Conhecer com profundidade o que significa devoção, veneração e adoração pode fazer toda a diferença em nossa vida espiritual.
Parece muito óbvio o significado das palavras: devoção, veneração e adoração, mas não é tão simples assim. A devoção verdadeiramente católica foi perdendo-se ao longo do tempo, dando origem a várias expressões de culto, subjetivas, confusas e desconexas, as quais, na prática, acabam se tornando cada vez mais infrutíferas e estéreis. Sendo assim, precisamos redescobrir o verdadeiro sentido da devoção católica aos anjos e aos santos, e o que esse culto de veneração tem a ver com o de adoração, devido somente a Deus. Dessa forma, nossa espiritualidade poderá retomar o vigor da devoção dos santos e produzir muitos frutos, contribuir para a salvação das almas e para maior glória de Deus.

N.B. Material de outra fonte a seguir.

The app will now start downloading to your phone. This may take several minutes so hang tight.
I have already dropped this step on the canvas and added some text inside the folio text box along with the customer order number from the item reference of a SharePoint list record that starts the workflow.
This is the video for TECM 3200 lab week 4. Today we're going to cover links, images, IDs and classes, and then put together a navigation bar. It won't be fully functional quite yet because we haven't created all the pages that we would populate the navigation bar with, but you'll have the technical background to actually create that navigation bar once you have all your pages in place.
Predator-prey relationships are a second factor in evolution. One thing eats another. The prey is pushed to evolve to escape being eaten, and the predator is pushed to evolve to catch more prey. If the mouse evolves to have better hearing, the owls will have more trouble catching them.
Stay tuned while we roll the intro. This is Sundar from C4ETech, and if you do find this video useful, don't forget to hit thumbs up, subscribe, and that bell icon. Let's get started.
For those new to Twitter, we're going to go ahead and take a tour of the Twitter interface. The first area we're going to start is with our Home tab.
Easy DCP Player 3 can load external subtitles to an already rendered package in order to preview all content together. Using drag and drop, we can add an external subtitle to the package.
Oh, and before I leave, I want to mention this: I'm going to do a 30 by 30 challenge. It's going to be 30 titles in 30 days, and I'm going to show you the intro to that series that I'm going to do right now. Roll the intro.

A DEVOÇÃO CATÓLICA E A PERDA DE SEU SENTIDO
A palavra “devoção” tem raiz no latim “DEVOTIONE”, e significa afeição, dedicação, sacrifício e culto. Na teologia e na espiritualidade católica, devoção é um ato de religião. São Tomás de Aquino diz que devoção é “a vontade pronta para se entregar a tudo que pertence ao serviço de Deus”1, ou seja, ao culto divino. Sendo assim, toda a verdadeira devoção tem como fim último o próprio Deus.
Na Idade Média – período que a maioria dos historiadores contemporâneos insiste erroneamente em chamar de “Idade das Trevas” –, as práticas de devoção se davam quase que exclusivamente no culto comunitário. Na chamada cristandade, o ato de religião, de dar a Deus o que é de Deus, era prestado por toda a sociedade. No entanto, a partir desse período histórico, a sociedade corrompeu-se gradativamente, chegando a um arrefecimento da fé tal, que o culto público não era mais viável. Como resposta às necessidades desse tempo, surgiu na Igreja o movimento que ficou conhecido como devotio moderna.

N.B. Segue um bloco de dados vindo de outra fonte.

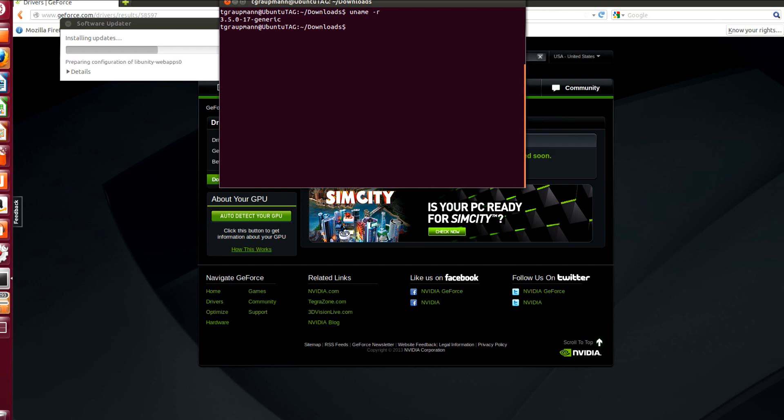So that's our kernel version. Kernel release, kernel version. Number 28.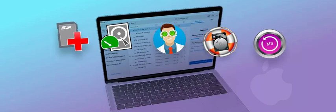Tenorshare 4DDiG Mac Data Recovery is another powerful tool in the data recovery field. It's designed to recover over 1,000 types of files and formats from your Mac and various external storage devices. This includes everything from images and videos to music files and emails, making it a comprehensive recovery solution. One of the key strengths of Tenorshare 4DDiG is its compatibility — it supports the latest Mac chips, including T2, M1, M1 Pro, M1 Max, and the latest macOS versions, ensuring even users with the newest Mac devices can use this tool.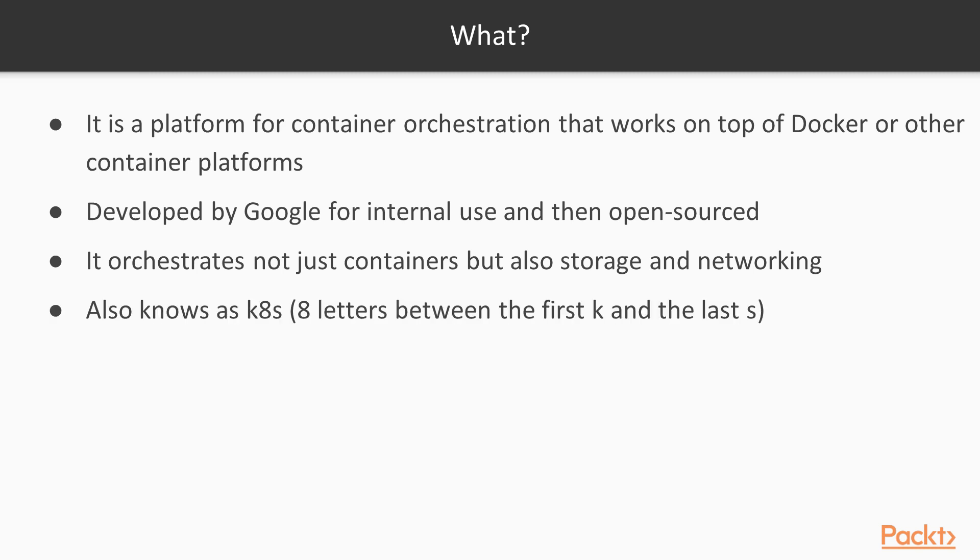When reading about Kubernetes, you will notice that most people also call it K8S. This is because there are 8 letters between the first K and the last S.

A devotio moderna rapidamente se espalhou por toda a Europa Ocidental. Nesse contexto histórico, surgiu o conhecido livro “Imitatio Christi” ou “Imitação de Cristo”, atribuído a Tomás de Kempis, cônego regular de Santo Agostinho. Esta obra destinava-se a todos, sem exceção, principalmente àquelas pessoas que desejavam transformar e santificar o seu quotidiano. No entanto, a devotio moderna não teve somente bons frutos, como o célebre livro de Kempis. O Movimento propunha um modelo de vida religiosa que colocava sacerdotes e leigos no mesmo nível, sem distinções hierárquicas. Além disso, a tradução de trechos das Sagradas Escrituras para outros idiomas e o subjetivismo nas práticas de devoção, de certa forma, abriram caminho para o protestantismo.
Em nossos dias, a maioria das pessoas não entende mais o significado da palavra devoção. Para grande parte dos católicos de hoje, as práticas devocionais não passam de sentimentalismo subjetivista, que não os leva a uma verdadeira conversão. Sendo assim, é urgente recuperar o sentido da palavra devoção, como vontade pronta de entregar-nos inteiramente a Deus, para então passarmos à prática. Este ato da vontade pode ter como frutos a paz, alegria, sentimentos e consolações. No entanto, não necessariamente todos os atos de devoção terão esses frutos. Na experiência espiritual, sempre sob influxo da graça divina, a devoção pode ser acompanhada de sentimentos e consolações, como normalmente acontece nos iniciantes mais generosos. No entanto, na devoção pode acontecer também a aridez espiritual, que é bem diferente da tibieza ou mornidão, especialmente com as pessoas mais adiantadas espiritualmente. Existem várias expressões de devoção na Igreja Católica, que podem ser divididas em duas categorias: a devoção de veneração, que é prestada aos anjos e santos; e a devoção de adoração, que é devida e prestada unicamente a Deus.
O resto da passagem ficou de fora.